- **What to do**
After finding "5' 8 x 7' 11 Darya Rug" in the data, write out its line and all following lines without change, up to and including the last one. Leave out pictures.

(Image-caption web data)
Start of Block
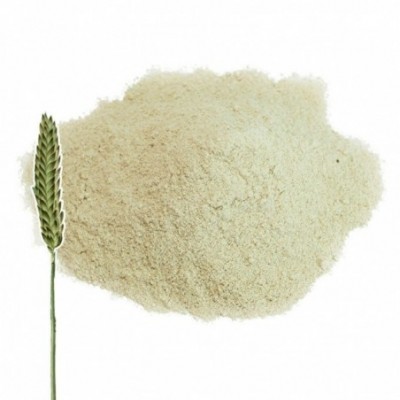 Farine de blé T80 vrac 5kg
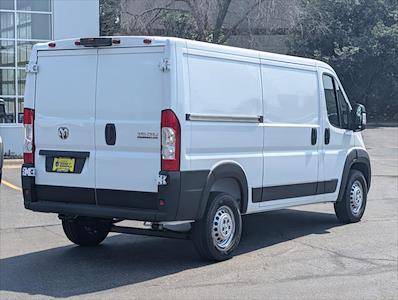 New 2026 Ram ProMaster 1500 Standard Roof Empty Cargo Van for sale #189435 - photo 2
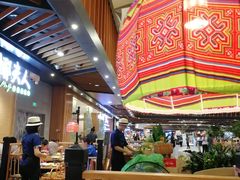 -椰夫人·养生椰子鸡(金沙洲永旺店)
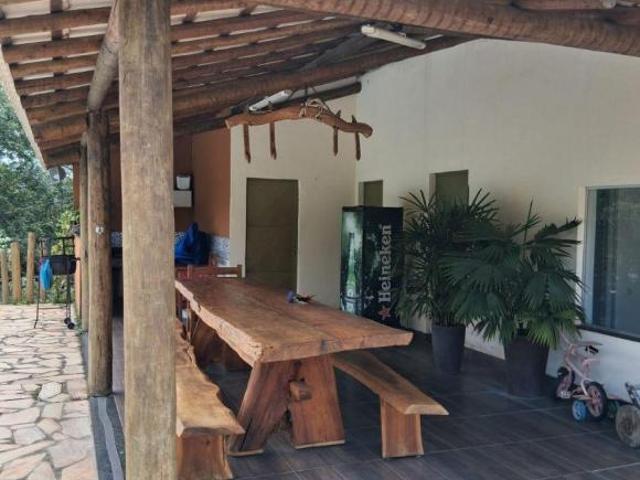 Lindo sítio com 60.000 m2 à 6 km de Cachoeira da Prata/MG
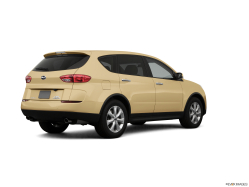 Thumbnail image of 2007 Subaru B9 Tribeca at Rjb And Son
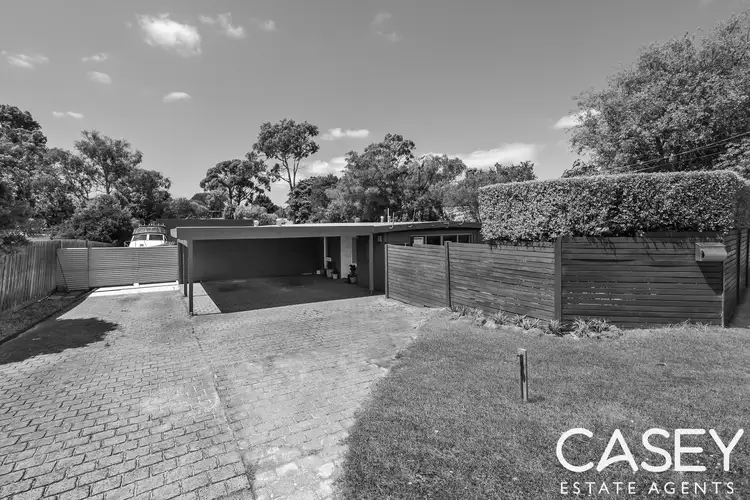 Main view of Homely house listing, 1 Maple Street, Langwarrin VIC 3910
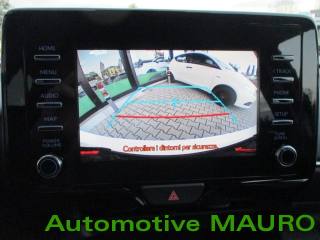 TOYOTA Yaris usata, con Controllo trazione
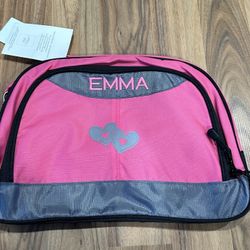 Colton duffle bag new with tag 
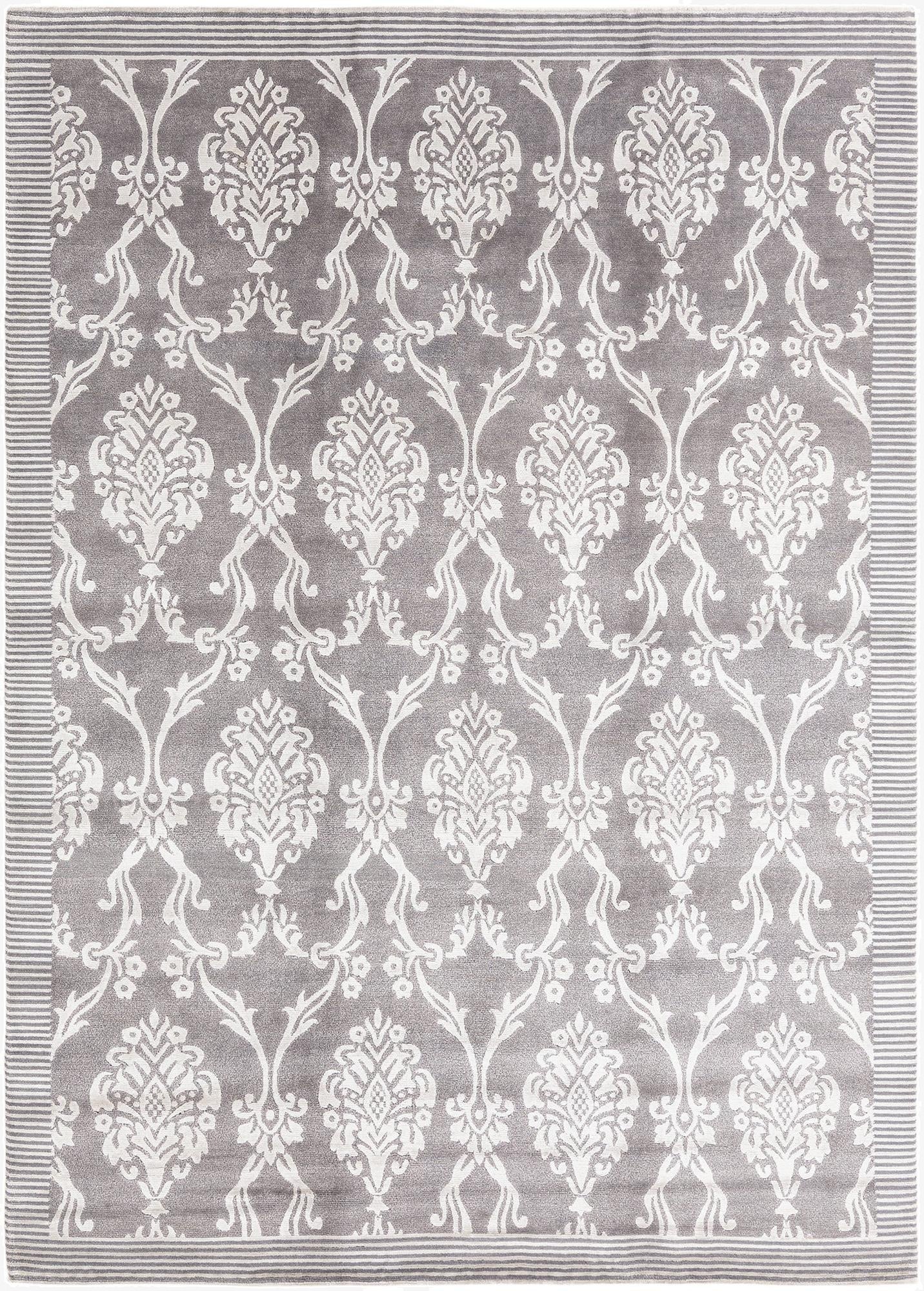 5' 8 x 7' 11 Darya Rug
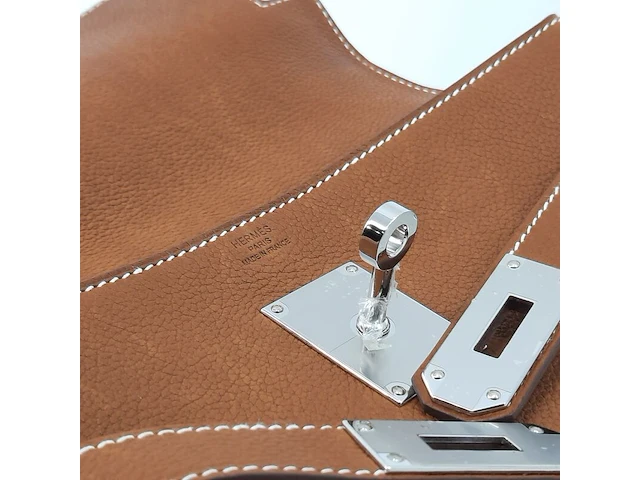 Schoudertas, hermès - afbeelding 6 van  17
End of Block
- **Response to this task**
 5' 8 x 7' 11 Darya Rug
 Schoudertas, hermès - afbeelding 6 van  17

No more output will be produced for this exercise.